Saturday, October 07, 2006

Que Sera, Sera


Hitch Part 7 of 15

In 1956, at Parmounts suggestion, Alfred Hitchcock remade his 1934 British film, The Man Who Knew Too Much. The story concerns the McKenna's (Jimmey Stewart and Doris Day) an American couple who get mixed up in an assassination plot wile on vacation in Morocco. It seems that an unspecified group has enterd into a conspiracy to kill the Prime Minister of an unspecified nation, and the McKenna's learned a little bit too much about this from a dying French agent who was trying to foil the plot.

To keep them quite about what they know, a seemingly innocuous but ultimately heinous middle-aged British couple, the Draytons (Bernard Miles and Brenda De Banzie) kidnap the McKenna's son and take him to London. It is in London that the film takes on a taught quality that lay just bellow the surfice during the pictures relatively casual frist fifty minutes. I didn't really appreciate this film when I first saw it over seven years ago, but enjoyed it more fully in this my second viewing. The Albert Hall sequence is just fantastic.

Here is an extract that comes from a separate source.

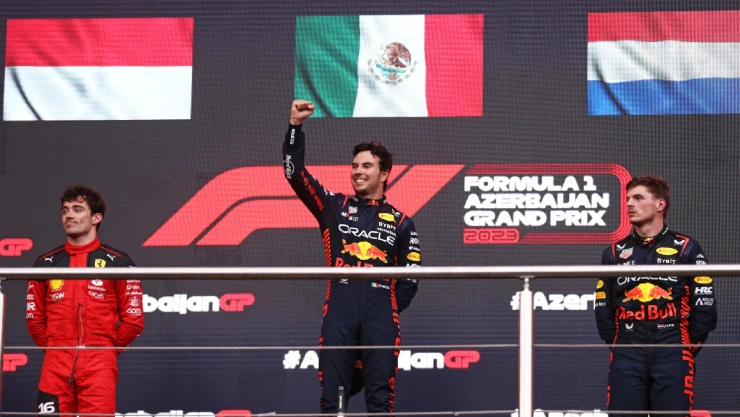Checo Pérez celebrando su campeonato en el GP de Azerbaiyán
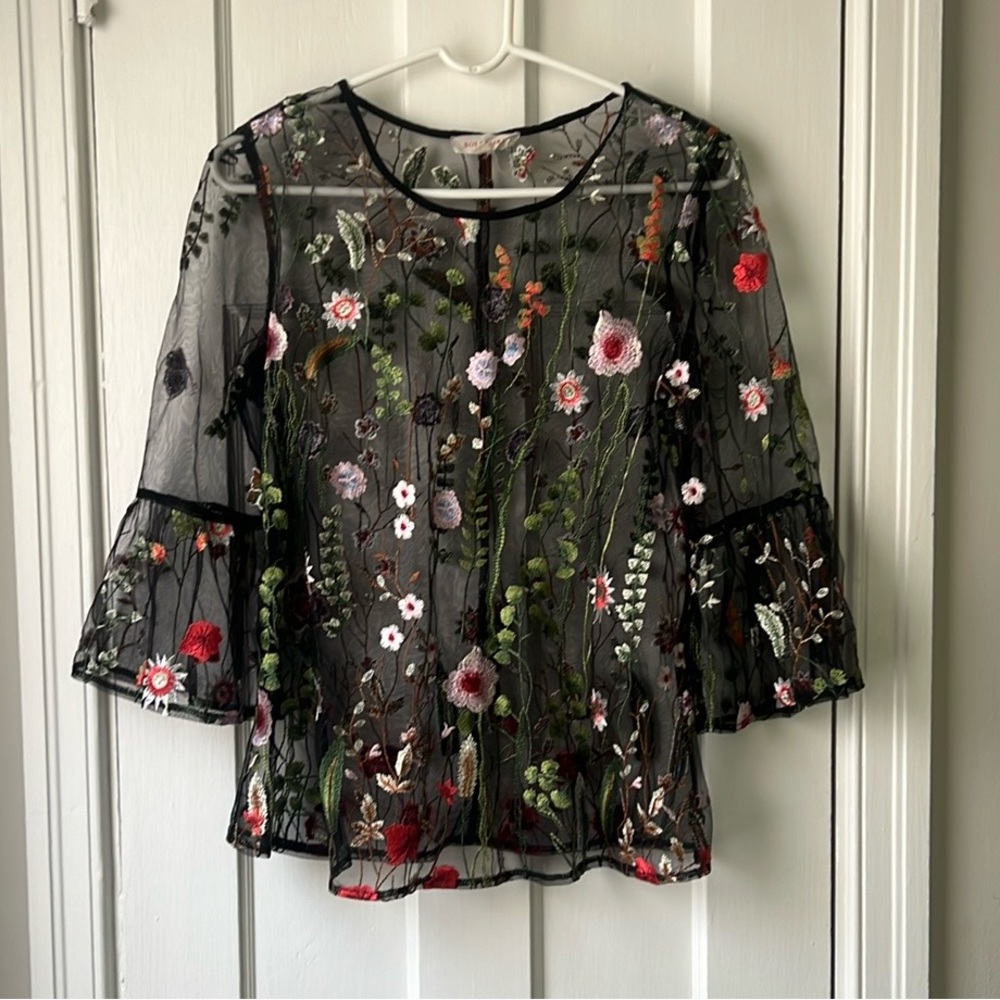 Solitaire mesh blouse with floral embroidery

The Man Who Knew Too Much, in addition to the standard Hitchcock cameo, also features the films composer, Bernard Herrmann, appearing as himself conducting the London Symphony Orchestra. like many films of the 1950's this is one movie with which you can play a favorite game of mine, it's called 'Spot Carolyn Jones'. Ms. Jones, most known today for her role as Mortica in The Addams Family series of the 1960's, was a near ubiquitious presence in very small roles in numerious films of the Eisenhower era. Finding her is made all the more tricky when she appears on screen as a blond, which she does in this film. But sighting Carolyn on screen will hopefully not be as difficult for you, as finding the correct Ambrose Chapel was for the McKenna's.

1 Comments:

At 12:44 PM, Blogger Chris said...

The '34 version has Peter Lorre. The '56 version does not. Without having seen the remake (the original is in the public domain, and available on Archive.org), I would still suggest the presence-of-Lorre question answers the advisability of the remake.